Note in the case of the SGML file (see the last <fptr> element in the example above), there is one additional piece of information provided as an attribute, a TAGID (‘entry1’). This indicates that within the actual file identified within this document by the <File> element ‘FID1,’ you should find an SGML element tag with the ID attribute value of ‘entry1.’ This element within the SGML document marks the beginning of the diary entry in question.
To get a sense of the hierarchical structure that can be encoded in a <StructMap> we need to look at the entire <StructMap> from the sample document.
<StructMap TYPE='logical'>
<div N = '1' TYPE = 'diary' LABEL = '[Patrick
Breen Diary November 20, 1846 - March 1, 1847]'>
<div N = '1' TYPE = 'entry'
LABEL = 'Friday Nov. 20th 1846'>
<fptr FILEID = 'FID2' MIMETYPE = 'image/tif' />
<fptr FILEID = 'FID6' MIMETYPE = 'image/jpg' />
<fptr FILEID = 'FID10' MIMETYPE = 'image/GIF' />
<fptr FILEID = 'FID1' MIMETYPE = 'text/sgml' TAGID = 'entry1' />
</div>
<div N = '2' TYPE = 'entry'
LABEL = 'sat. 21st'>
<fptr FILEID = 'FID3' MIMETYPE = 'image/tif' />
<fptr FILEID = 'FID7' MIMETYPE = 'image/jpg' />
<fptr FILEID = 'FID11' MIMETYPE = 'image/GIF' />
<fptr FILEID = 'FID1' MIMETYPE = 'text/sgml' TAGID = 'entry2' />
</div>
<div N = '1' TYPE = 'letter'
LABEL = 'Letter by George McKinstry, tipped into original diary'>
<div N = '1' TYPE = 'page' LABEL = 'Letter, G. McKinstry, page 1'>
<fptr FILEID = 'FID4' MIMETYPE = 'image/tif' />
<fptr FILEID = 'FID8' MIMETYPE = 'image/jpg' />
<fptr FILEID = 'FID12' MIMETYPE = 'image/GIF' />
<fptr FILEID = 'FID1' MIMETYPE = 'text/sgml' TAGID = 'GMletter1' />
</div>
<div N = '2' TYPE = 'page' LABEL = 'Letter, G. McKinstry, Page 2'>
<fptr FILEID = 'FID5' MIMETYPE = 'image/tif' />
<fptr FILEID = 'FID9' MIMETYPE = 'image/jpg' />
<fptr FILEID = 'FID13' MIMETYPE = 'image/GIF' />
<fptr FILEID = 'FID1' MIMETYPE = 'text/sgml' TAGID = 'GMletter2' />
</div>
</div>
</div>
</StructMap>
This structural map indicates the document has a three level hierarchy: it is a ‘diary’ with two ‘entry’ components (or <div> elements) and one "letter" component. (The letter is appended at the and of the diary). The "letter" component has, in turn, two "page" components.

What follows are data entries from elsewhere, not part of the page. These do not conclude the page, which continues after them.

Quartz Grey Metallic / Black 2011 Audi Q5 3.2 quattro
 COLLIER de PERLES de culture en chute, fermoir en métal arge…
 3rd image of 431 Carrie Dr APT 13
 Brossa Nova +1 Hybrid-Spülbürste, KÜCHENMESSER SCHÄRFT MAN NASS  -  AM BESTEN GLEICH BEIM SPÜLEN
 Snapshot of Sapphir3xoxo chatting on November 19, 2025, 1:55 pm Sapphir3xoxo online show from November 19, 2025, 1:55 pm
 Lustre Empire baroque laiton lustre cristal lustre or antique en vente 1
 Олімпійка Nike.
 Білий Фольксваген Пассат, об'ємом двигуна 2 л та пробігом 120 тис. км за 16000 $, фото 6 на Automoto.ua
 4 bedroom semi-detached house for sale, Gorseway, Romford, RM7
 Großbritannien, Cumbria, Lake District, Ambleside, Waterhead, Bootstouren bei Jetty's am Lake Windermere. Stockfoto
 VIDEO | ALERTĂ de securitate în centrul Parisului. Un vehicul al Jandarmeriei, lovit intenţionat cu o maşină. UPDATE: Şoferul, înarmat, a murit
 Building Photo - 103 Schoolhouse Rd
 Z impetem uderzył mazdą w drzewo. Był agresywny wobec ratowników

Click here to view the entire
<StructMap> of the sample Breen Diary document in context.
The DTD provides a flexible mechanism for encoding
the descriptive, administrative and structural metadata that describe the
files comprising multiple electronic versions of an archival object and
their relationships.. It also manages to encode this information in a relatively
efficient format. This flexibility and efficiency does come at the cost
of some complexity. However, it is anticipated that MOA2 XML documents
will be primarily machine-generated, and machine-processed for display,
so that complexity should be relatively well hidden from those producing
documents, and users examining them.